Passarono dei mesi così, amore mio. Io ormai non lavoravo più, vivevo per te, e solo te attendevo nella notte più buia. Mi cibavo del tuo amore per te. Quella fatidica sera, la notte, nostra testimone di nozze, voleva avvisarci. Nascondeva la sua oscurità dietro lampi luminescenti, e con tuoni fragorosi ci intimava di correre. Ma noi eravamo persi solo in noi. Non sentivamo i rumori della tempesta, sentivamo solo il battito dei nostri corpi che sbattevano l'uno sull'altro, creando gemiti di piacere. Non sentivamo le gocce di pioggia, nei nostri pensieri c'erano solo i nostri liquidi, che si univano in un amplesso più profondo del solito, più nitido, più completo. Nell'attimo in cui stavo per volare, gemendo più forte della notte che ululava sopra noi, che ci illuminava con la sua luce innaturale, sentii un fendente alla schiena, un dolore lancinante al cuore. Con gli occhi ancora appannati dal piacere, vidi una lama uscire dal mio petto, e che aveva colpito anche te, se pur di striscio, ma io non lo sapevo. Vedevo solo scorrere un oceano di sangue, e poco prima di chiuedere gli occhi, una voce femminile urlare disperata.

 

 

Aprii gli occhi dopo qualche ora, e vidi intorno a me degli uomini, che stavano osservando il mio corpo nudo. Uno spettacolo cui ero abituata. Quegli uomini estrassero la lama che mi aveva colpita, e vidi uscire dal mio corpo una parte del mio cuore. Senza quello non avrei potuto amarti, così scappai via, lasciando il mio freddo corpo inerme in balia di colore che volevano solo far tornare normale quel luogo. Corsi per la città, era pieno giorno, ma la gente non mi vedeva. La luce del sole rendeva la mia pelle trasparente, quasi eterea. Ma non mi importava. Desideravo solo vederti. Ci vollero diverse settimane, ma alla fine ti trovai. Così diverso, ma eri sempre tu amore mio. Solo che tu non lo sapevi. Eri rinchiuso in un luogo che tu chiamavi casa, ma che non era casa tua, insieme a colui che chiamavi padre, ma non lo era. Provai a correre in tua direzione, ma mi ignorasti. Il tuo corpo passò attraverso il mio, e sentimmo entrambi un fremito. Attesi la notte, la prima di molte. Perché solo durante la notte potevi vedermi. Dopotutto, il nostro amore era iniziato con lei. Mi chiamavi con un nome che non era il mio, ma l'amore era il nostro.

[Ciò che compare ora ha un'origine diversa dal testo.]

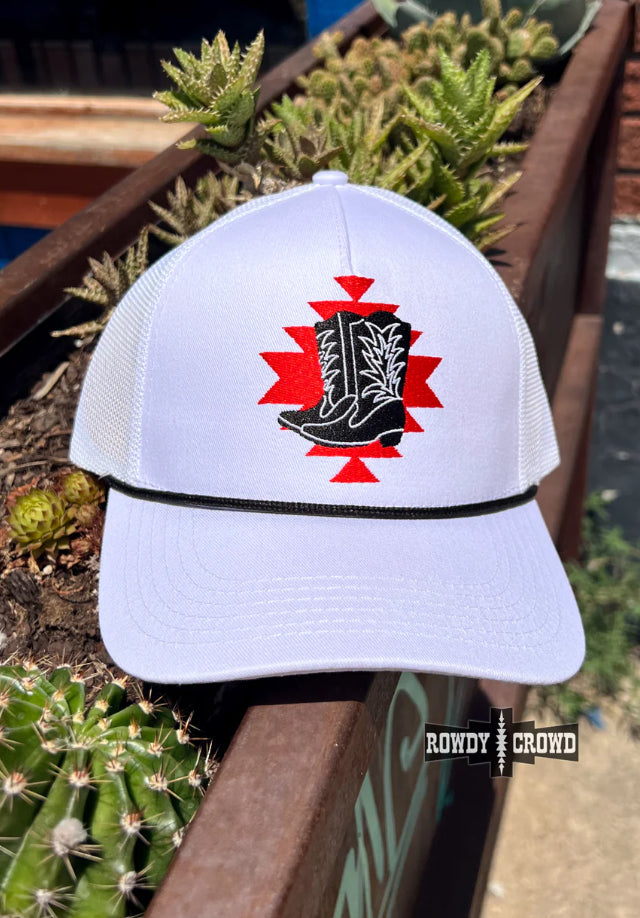 The Two Steppin’ Cap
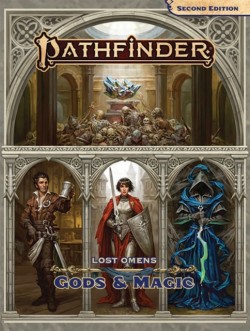 Pathfinder Lost Omens Gods & Magic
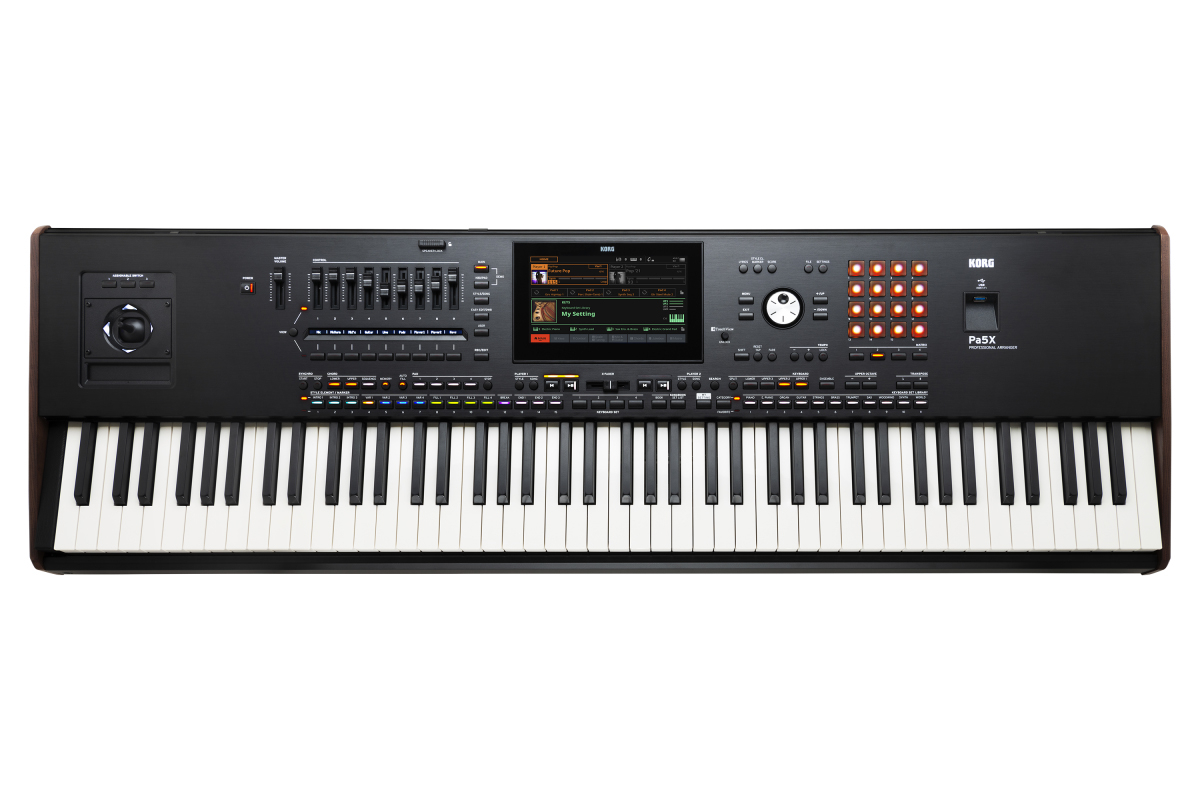 Arranger Station KORG PA5X-88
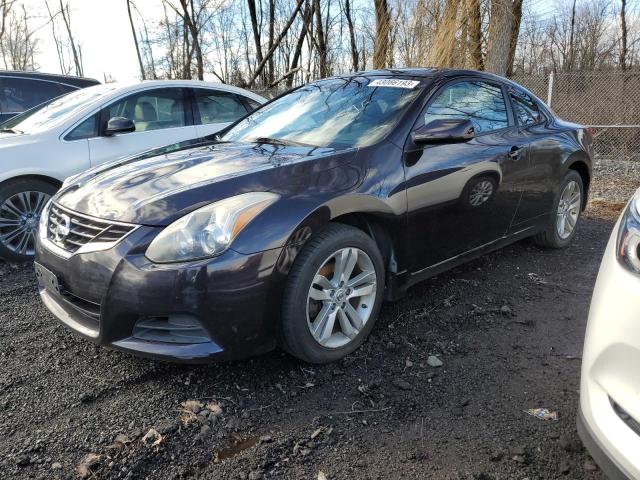 NISSAN ALTIMA S 2013 1n4al2ep4dc285163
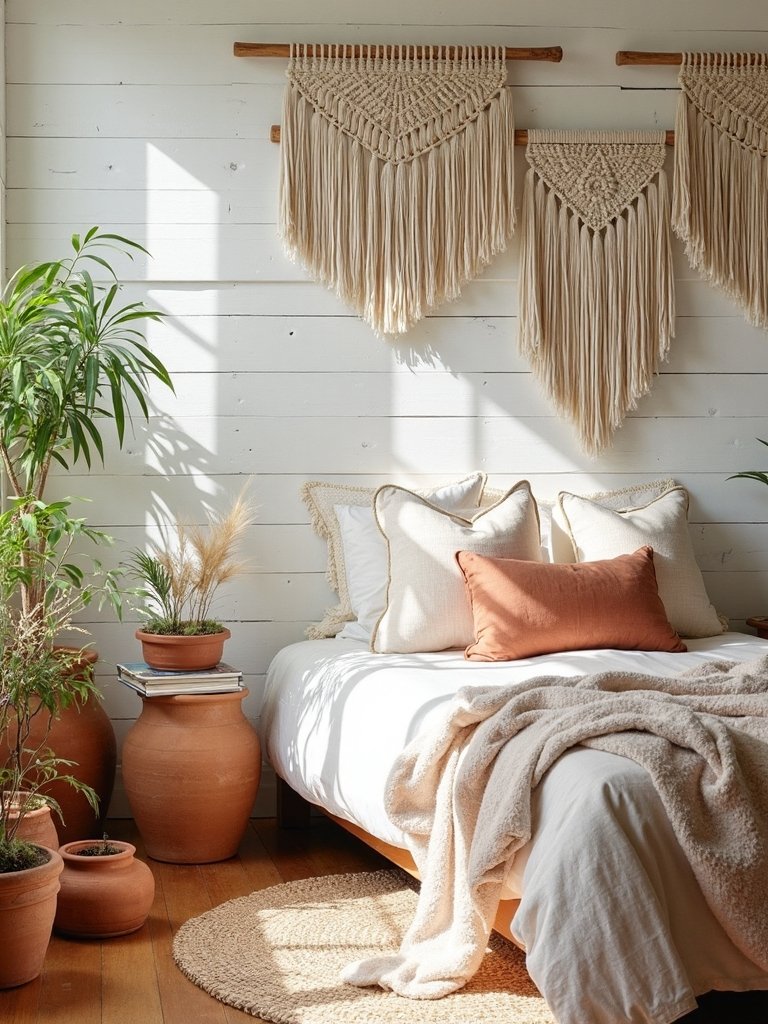 calming oasis of green sanctuary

Non potevamo toccarci, ma le rose facevano da tramite al nostro calore. Finchè quella donna non intervenii di nuovo. Era gelosa del nostro amore. E di me. Nonostante tu ora mi chiamassi col suo nome. Ma come potevo mio dolce cuore, lottare contro di lei? Lei poteva averti durante il giorno, io soltanto quando la notte era più nera. Lei poteva sfiorarti, accarezzarti, cullarti; io potevo solo lasciare parte di me su dei fiori. Lei era viva; io giacevo in qualche posto dimenticato da Dio. Lei era tua madre, e conosceva i migliori medici del paese. Io ero solo una puttana, e conoscevo solo il mio amore per te. E ormai non ero altro che un ricordo, fallato dai medicinali che ti costringevano a prendere, che creavano in te un ricordo fallaceo di noi. E il noi in te finìì in seguito a quell'orrida seduta di ellettroshock che ti fecero, in seguito alla quale, di me ti ricordavi solo il nome col quale mi chiamavi: Evelyn. Che era il nome di tua madre.